━━━━━ DATA ━━━━━

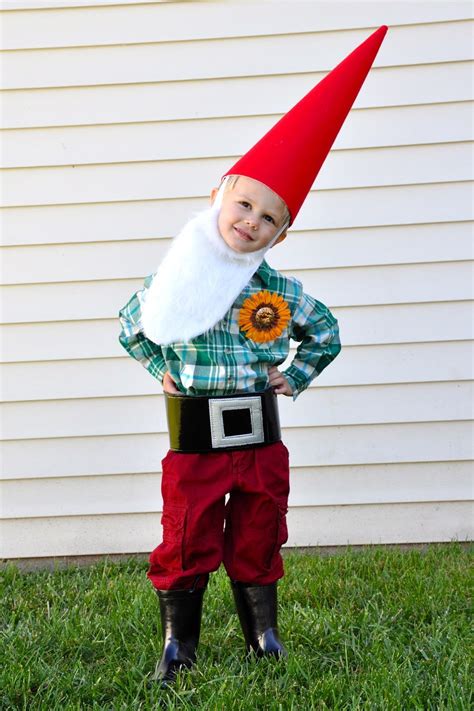 My Little Gnomie How To Diy A Gnome Costume Gnome Costume Baby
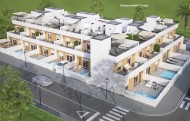 Villa / Semi semi-detached - New Build - Torre Pacheco - RO-AV323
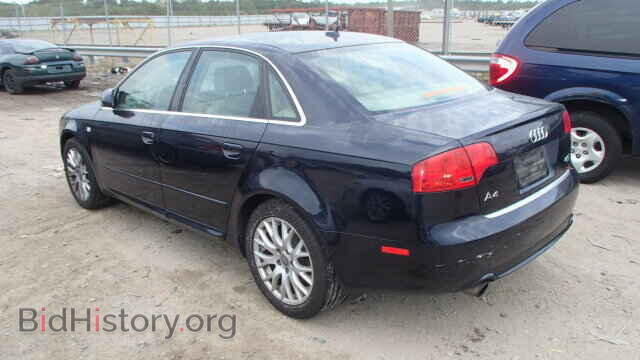 2008 AUDI A4 - VIN: WAUDF78E38A149238 - Фото 3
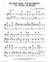 No Not One/'Tis So Sweet To Trust In Jesus voice piano or guitar sheet music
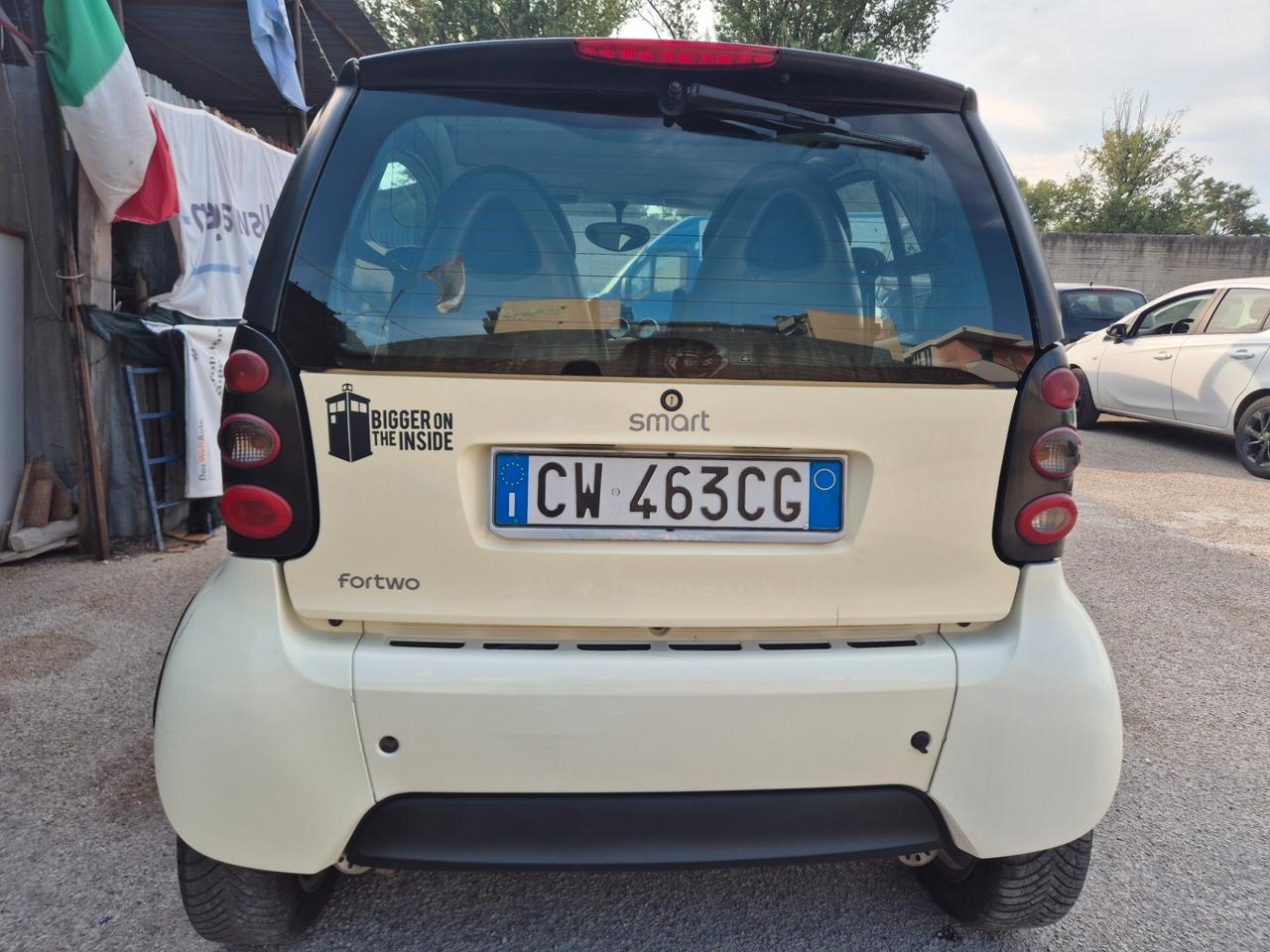 Smart ForTwo 700 benz perfetta e full 2006
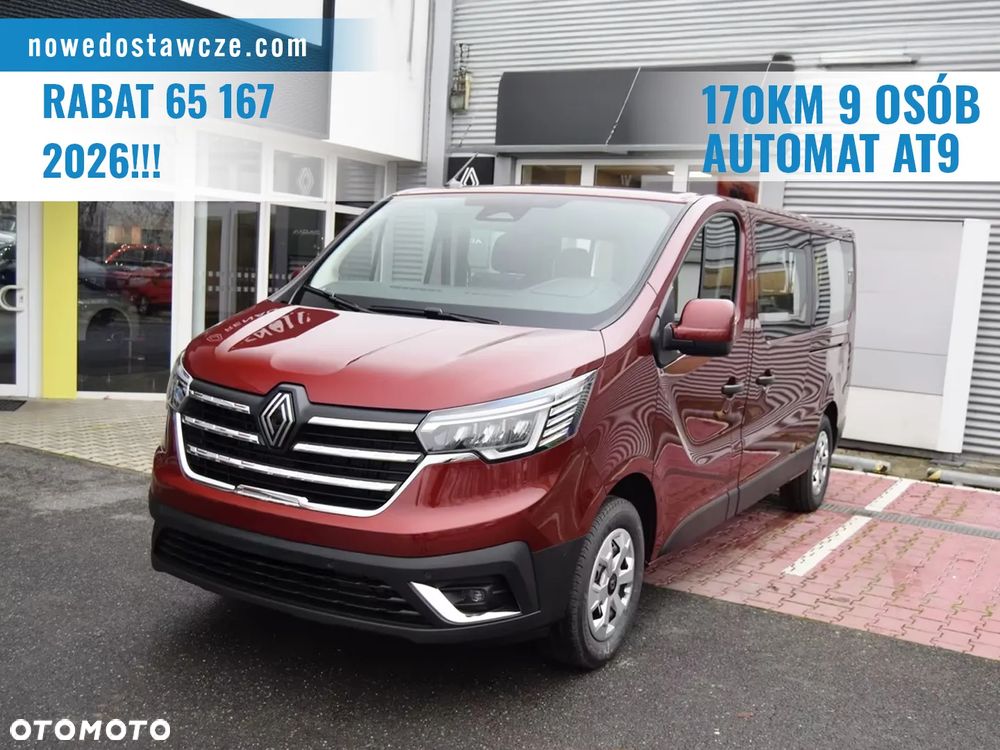 Renault Trafic Kombi 2.0 170KM Blue dCi L2 Equilibre AT9 - 1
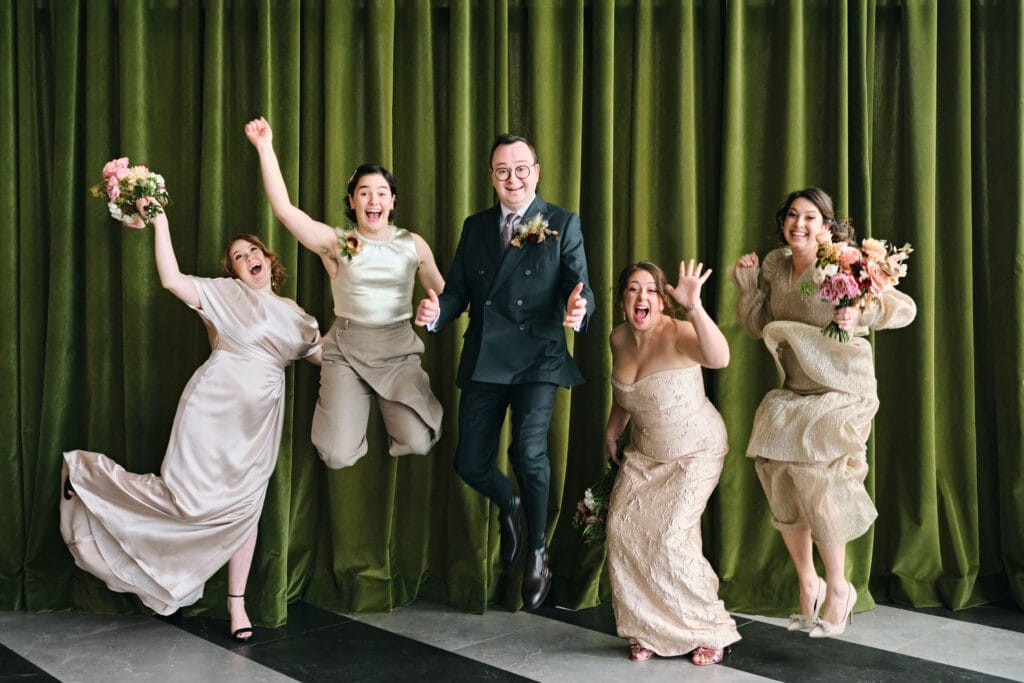 Zoe and Adi's wedding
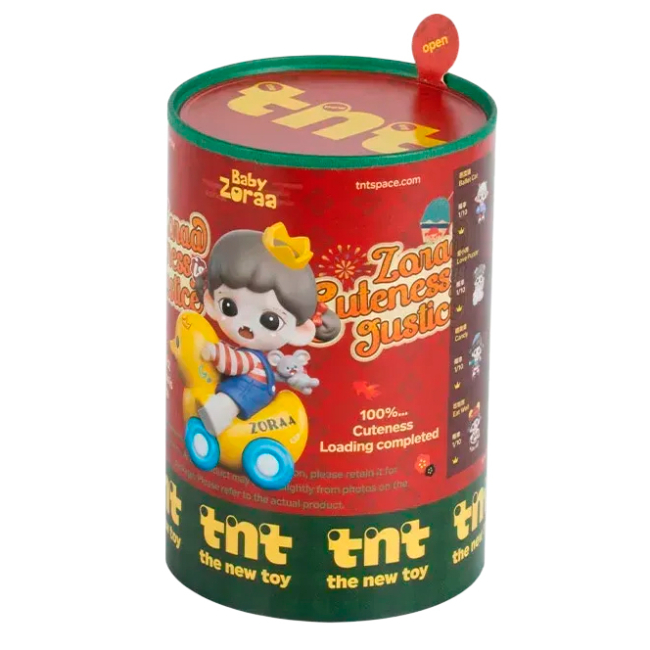 Колекційна фігурка TNT ZORAA серія "Яскраві моменти" (mystery box), ZRM-468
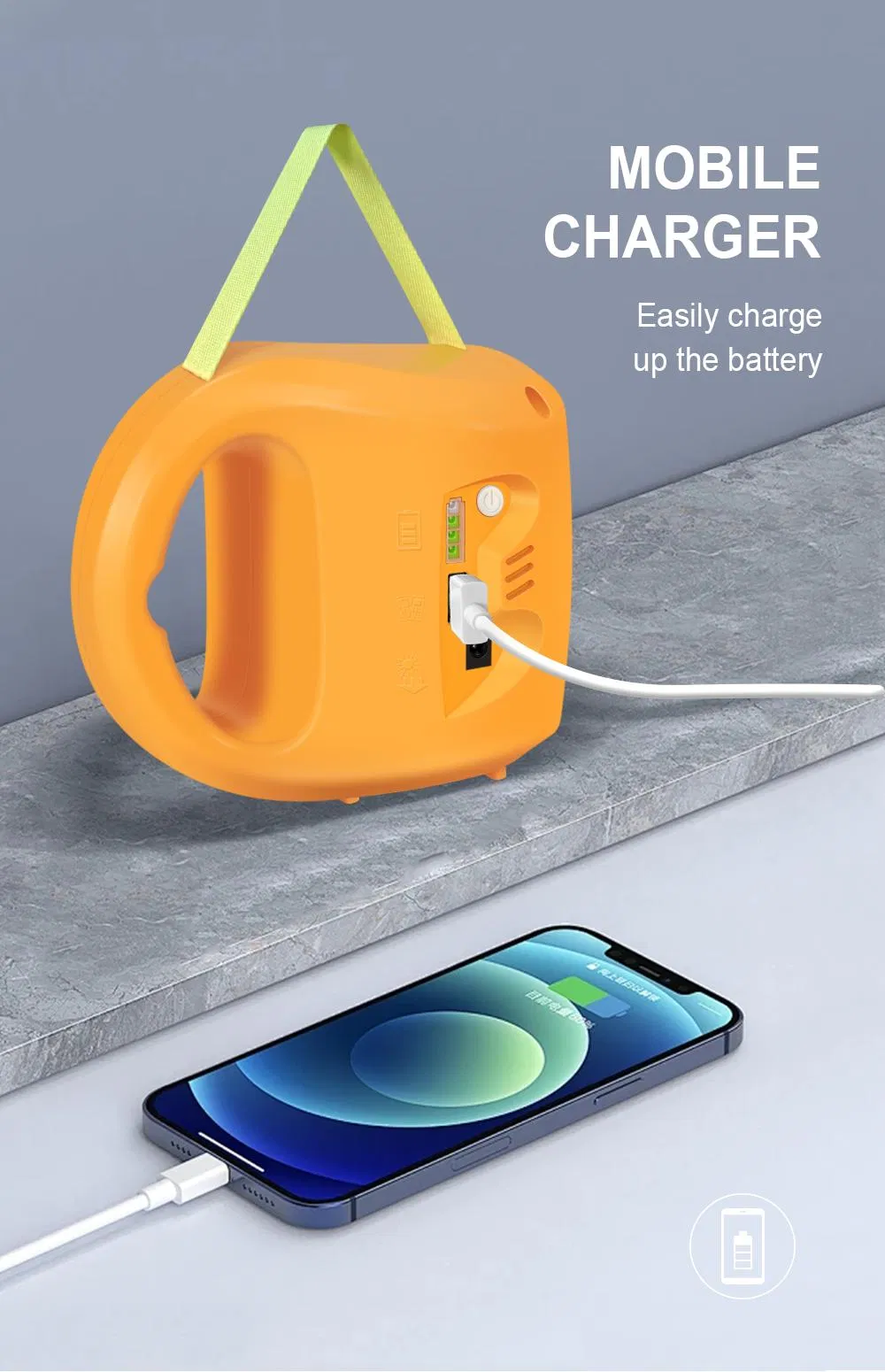 Solar Lantern View 5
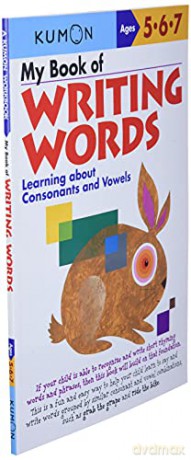 My Book Of Writing Words - Kumon [KSIĄŻKA]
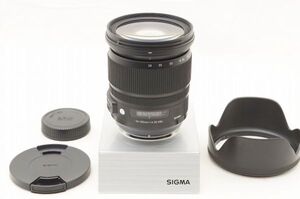 ☆美品☆ SIGMA シグマ 24-105mm F4 DG OS HSM Art Nikon用 ♯24122004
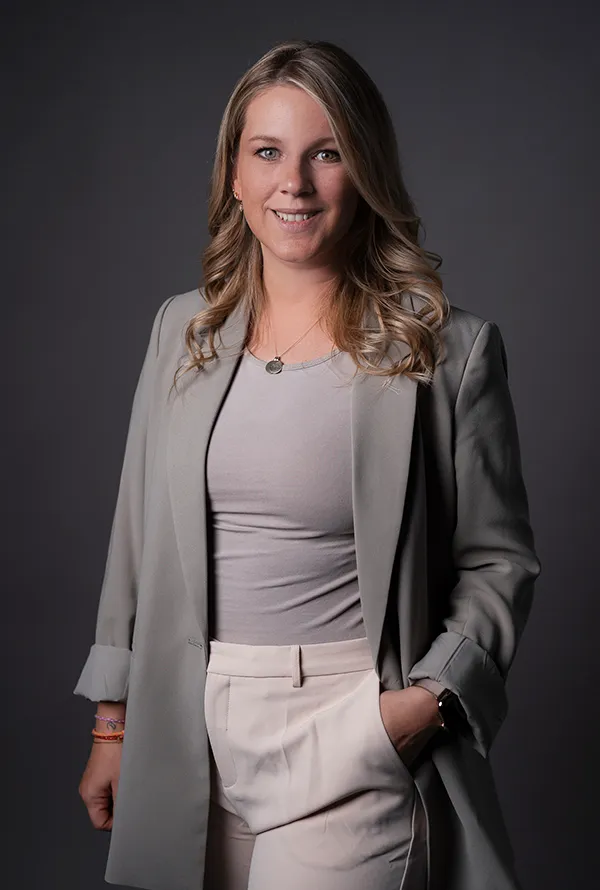 Geschäftsleitung bei der imc - Kristin Jost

━━━━━

Copy out the whole listing exactly. Skip its pictures.

## THE COMPLETED TASK:
 My Little Gnomie How To Diy A Gnome Costume Gnome Costume Baby
 Villa / Semi semi-detached - New Build - Torre Pacheco - RO-AV323
 2008 AUDI A4 - VIN: WAUDF78E38A149238 - Фото 3
 No Not One/'Tis So Sweet To Trust In Jesus voice piano or guitar sheet music
 Smart ForTwo 700 benz perfetta e full 2006
 Renault Trafic Kombi 2.0 170KM Blue dCi L2 Equilibre AT9 - 1
 Zoe and Adi's wedding
 Колекційна фігурка TNT ZORAA серія "Яскраві моменти" (mystery box), ZRM-468
 Solar Lantern View 5
 My Book Of Writing Words - Kumon [KSIĄŻKA]
 ☆美品☆ SIGMA シグマ 24-105mm F4 DG OS HSM Art Nikon用 ♯24122004
 Geschäftsleitung bei der imc - Kristin Jost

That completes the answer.